Princeton Alternative Elementary School is a public elementary school in the Birmingham City Schools system located at 1425 2nd Avenue West in the Rising-West Princeton neighborhood of West End.

The school traces its origin to an in-home kindergarten founded by Olivia Pyos in 1910 for four African American children. The program was quickly absorbed into the city's school system. In its 1923 survey of school conditions, the U.S. Bureau of Education appraised its condition thus: "This is nothing but an old dwelling remodeled into three class rooms.
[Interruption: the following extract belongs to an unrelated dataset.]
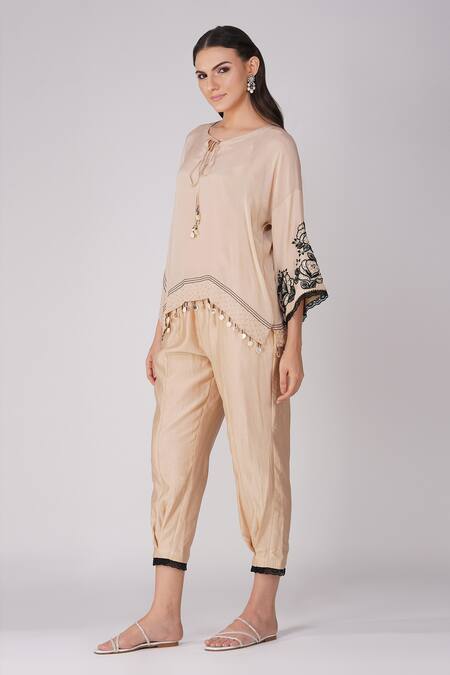 Shop_Devyani Mehrotra_Beige Chiffon And Chanderi Embroidered Starry Rose Asymmetric Cape And Pant Set_Online_at_Aza_Fashions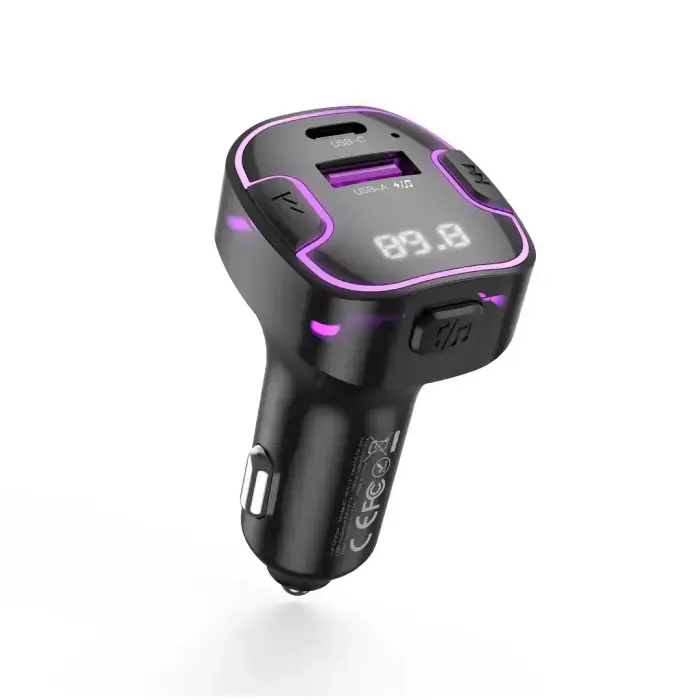 XO FM трансмиттер BCC12 Bluetooth MP3 автомобильное зарядное устройство 3.1A – Чёрный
The rooms are badly lighted, have low ceilings and are heated by non-jacketed stoves. There is no playground and the whole situation is unworthy of Birmingham."

At that time, the school building was still privately owned, though it was operated by the city. It housed 87 students in grades 1-4 and, along with Cleveland Elementary School, which housed 107 students, served the communities of Elyton, West End, Graymont and Owenton, which then already had more than 600 school-age black children in need of classrooms. The Bureau recommended immediate construction of a new building. Instead, the Princeton School moved to the upper floor of a commercial building on Lomb Boulevard, and later to a CME Church on the corner of Washington Avenue and 9th Street Southwest.

In the early 1930s the Birmingham Board of Education accepted funding raised by the public and responded to parents' petitions to establish a new public school in the Rising community. That first building housed four classrooms and an office.

In 1961 Princeton Elementary School was improved with the addition of three classrooms, and by adding a brick veneer to the entire building. Henry Sprott Long designed the renovations, which were carried out by Joe Kurtts for $45,000.